A4. Final paper. On the last day of class you should present me with a synthesized version of these three papers and plan to present it briefly in class. Suppose, for example, you selected gun control for your case study and implementation for your concept; you are going to need some kind of data from someplace. The synthetic paper, therefore, should be "Implementing Gun Control Policies." If your concept paper was on evaluation and your case study was on school choice, for example, then the synthetic paper would be on "Evaluation and School Choice." Through the miracle of word processors, it should be unnecessary to start from scratch on this final paper, but you will need to integrate your previous papers into a coherent whole and rethink them.  It is not assumed that you have any original data or secondary data for this paper; it is assumed that you have thought about this, though, in A3. This is worth 25 percent of the course grade, and therefore all of assignment A is worth 40 percent of the course grade. Obviously, I will be more impressed by the final grade of A4 than on any of the components of A1‑3.

 

B. Rapporteur assignment. Each student will serve as a rapporteur for one class session. She or he should review in a 15 minute oral presentation (absolutely no more, and I am a ruthless timekeeper) the major issues raised by the literature, and share with the class a 4‑5 page written synopsis of the presentation. Do not write the paper, though, simply as a summary of A, then B. then C. Integrate them into a perspective. Each rapporteur should review the presentation with the instructor during his regular office hours before the class time. Three things you should include in your discussion are (1) a leading Supreme Court case in this area; (2) one major federal regulation in this area (this does not mean that you should just say "the federal government has regulated dangerous toys." It means "Federal regulations of this date said that…") and (3) a description of a major statute by congress in this area (this needs to be specified ‑‑ not just "Congress in 1988 decided to..." This should say "HR135 in 1988 did this...") Also include (4) a brief list of standard data sources (census materials, NES codebook, court case data base, etc.) which will be relevant here.  Xerox the first page each of a regulation, a court case, and a statute for your rapporteur assignment. This is worth 20 percent of the course grade. 

 

C. Final. You may elect to take either an oral or a written final exam. The written final will contain 3‑5 questions, and you will have some choice among them. You may take it over a 24 hour period, using any materials you desire. The oral exam will be about 30 minutes. These should be taken during the final exam period at a mutually agreeable time, provided that you give me three working days before grades are due. This is worth 30 percent of your grade.

 

D.  American government: the basics.  We need to master the basics of American government, too, for this class.  You should read along each week with the relevant topic in any standard American government text.  As a part of the final, and we’ll discuss this later, you’ll need to pass a basic American government test on the constitution, federalism, and institutions.  This is worth 10% of the course grade. 

 

Books to Buy. You should procure a copy of each of these books:

 

Anne L. Schneider and Helen Ingram, Policy Design for Democracy

Frank Baumgartner and Beth Leech, Basic Interests

Kenneth Shepsle and Mark S. Bonchek, Analyzing Politics

Paul Sabatier, ed., Theories of the Policy Process

Arthur Okun, Equality and Efficiency

David Mayhew, Congress: The Electoral Connection

George Edwards, et al., Government in America, 10th ed.

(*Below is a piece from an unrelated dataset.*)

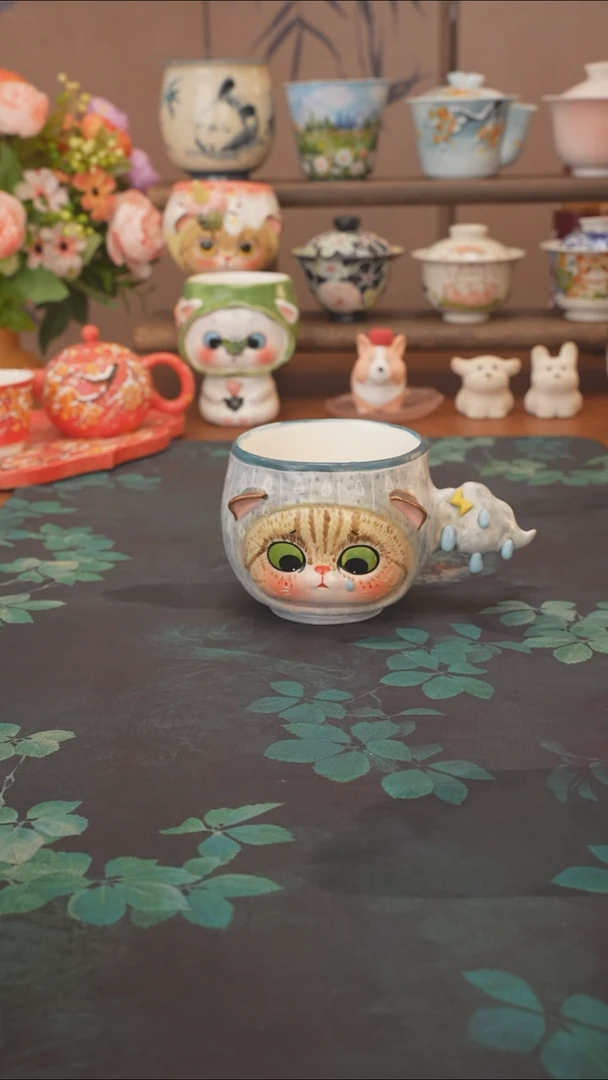 菜老头  猫猫马克杯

Roger Cobb and Marc Ross, Cultural Strategies of Agenda Denial

Morris Fiorina, Congress: Keystone of the Washington Establishment

 

Many materials listed under "required" (except these books) will be available in the library in our usual very imperfect way.

 

Note, though, that virtually all articles in major journals in political science, which are three years old or older are available through JSTOR; more recent major journal articles are also typically in the library.

 

On the syllabus, APSR=American Political Science Review; AJPS=American Journal of Political Science; Journal of Politics; SSQ=Social Science Quarterly.

 

You should follow along quite carefully in a standard American government book.

 

Internet Resources.  There are two important internet resources available for this course at the course website.  One is a bibliography of books on public policy issues; the other is a collection of police-oriented websites.

 

Overview of Weekly Topics

            January 16        Introductory festivities

            January 23        Political Institutions, Democracy and Public Policy

            February 6       Building a Policy agenda

            February 13     Congress Makes Public Policy

            February 20     The President

            February 27     Budgets and Policy

March 6           SPRING BREAK NO CLASS

March 13        The Courts and Public Policy

            March 20        Interest Groups and Bureaucracies

            March 27         Policy Design and Implementation

            April 3              Policy Distribution

            April 10            Policy Evaluation

April 17            SOUTHWESTERN SOCIAL SCIENCE ASSOCITION MEETING; NO CLASS

            April 24            The New Political Economy Debate: Markets vs. the Rule of Law

 

January 23.  Political Science, Institutions, and Public Policy

Rapporteur:_________________________

This week acquaints you with the concepts of institutions, public policy and policy analysis and raises some important issues about the use of knowledge in government. In this section are institutional approaches, rational choice approaches, policy approaches, systems approaches, “geological” approaches and social construction approaches.  Enough for everybody.

Required:

 

Paul Sabatier, ed., Theories of the Policy Process

Federalist # 10

David Easton, "An Approach to the Analysis of Political Systems," World Politics (1957): 383-400. (C).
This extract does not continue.